Karl Rahner, der große Konzilstheologe, hat einmal gesagt, die Bibel sei Theologie weniger Worte Jesu. Man wird Jesus gewiss nicht als Vielredner hinstellen können. In ihm hat sich das Sprichwort, „Schweigen ist die Heimat des Wortes“, verwirklicht. Wie sonst ist die lange Phase des Schweigens in Nazareth, an die 30 Jahre lang, zu verstehen.

So ist es auch im Glaubensleben. Wenn man es ehrlich nimmt, dann sind es wenige aber unverzichtbare Worte, die uns den Weg weisen. Ich schaue auf einige solch kurze Wortmeldungen in meinem Leben dankbar zurück. Einmal als Soldat, als mir ein Priester die für mich wegweisende Worte gesagt hat: „Gib Gott in deinem Leben eine Chance.“ Auf dem Weg der Nachfolge wurden mir einige sehr schwere Entscheidungen abverlangt. Als ich wiederum vor solch einer Entscheidung, Neues auf mich zukam, fragte ich meine Mutter, sie gab mir folgende Antwort: „Versperre dich nicht ganz!“ Ja, für all das grundlegend war das Wort aus der Hl. Schrift von Matthäus 11,28 „Kommt alle zu mir, die ihr mühselig und beladen seid.“ Ohne diese Lebens- und Glaubensworte könnte ich nicht meinen Weg weitergehen. Ich hätte nicht die Kraft und es würde mir auch der Sinn fehlen.

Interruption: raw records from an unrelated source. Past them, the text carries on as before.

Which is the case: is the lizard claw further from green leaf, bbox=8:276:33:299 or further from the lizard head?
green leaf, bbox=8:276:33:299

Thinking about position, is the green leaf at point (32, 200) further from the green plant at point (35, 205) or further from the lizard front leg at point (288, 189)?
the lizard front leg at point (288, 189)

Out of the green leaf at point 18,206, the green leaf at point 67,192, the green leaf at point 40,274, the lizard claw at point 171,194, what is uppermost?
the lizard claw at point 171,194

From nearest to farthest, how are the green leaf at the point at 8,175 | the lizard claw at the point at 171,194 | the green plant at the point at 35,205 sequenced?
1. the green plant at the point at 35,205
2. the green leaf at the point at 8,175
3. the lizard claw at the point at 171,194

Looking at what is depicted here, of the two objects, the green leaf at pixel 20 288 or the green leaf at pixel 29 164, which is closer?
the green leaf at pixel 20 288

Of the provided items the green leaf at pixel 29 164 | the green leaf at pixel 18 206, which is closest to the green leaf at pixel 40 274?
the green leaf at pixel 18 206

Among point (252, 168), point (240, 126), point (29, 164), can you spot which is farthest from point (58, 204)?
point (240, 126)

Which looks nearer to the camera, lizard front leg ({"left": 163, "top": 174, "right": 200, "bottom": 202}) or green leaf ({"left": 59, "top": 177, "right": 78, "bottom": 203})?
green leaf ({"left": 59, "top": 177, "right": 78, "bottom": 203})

Feste haben es in sich, dass in allem die Überfülle gefeiert wird. Das liegt in der Natur der Sache. Dennoch sollten wir den Grund, warum wir feiern, warum wir fröhlich sind, nicht vergessen. Nach meinem Dafürhalten wäre es einmal überlegenswert, alle großen Festtage der Kirche als Fasttage des Wortes zu erklären, ganz im Sinne von Angelus Silesius „Mensch werde wesentlich!“ Für unser Weihnachtsfest wäre der eine Satz „Gott ist Mensch geworden“ Grund genug, fröhlich, heiter und liebevoll zu sein; wenn wir dieses Wort Gottes in uns nur eindringen lassen.

Maria spielt bei der Menschwerdung Gottes wohl die Hauptrolle. Sie hätte vieles erklären und verdeutlichen können. Sie hat es nicht getan. Von ihr heißt es immer wieder: „Maria bewahrte alles im Herzen und dachte darüber nach.“

Das sollte uns Richtlinie und Maßstab sein; sich von der Frohen Botschaft mit ihren wenigen Worten betreffen zu lassen, sie in unserem Herzen bewahren, darüber nachdenken und erst hernach wie die Hirten hinausgehen, staunend bekennen, was wir gesehen und gehört haben. Vielleicht dürfen wir auch einen Abglanz von dem erleben, was in der Nacht zu Betlehem geschehen ist, als die Engel Gott lobten, Ehre sei Gott in der Höhe und Friede auf Erden den Menschen seines Wohlgefallens.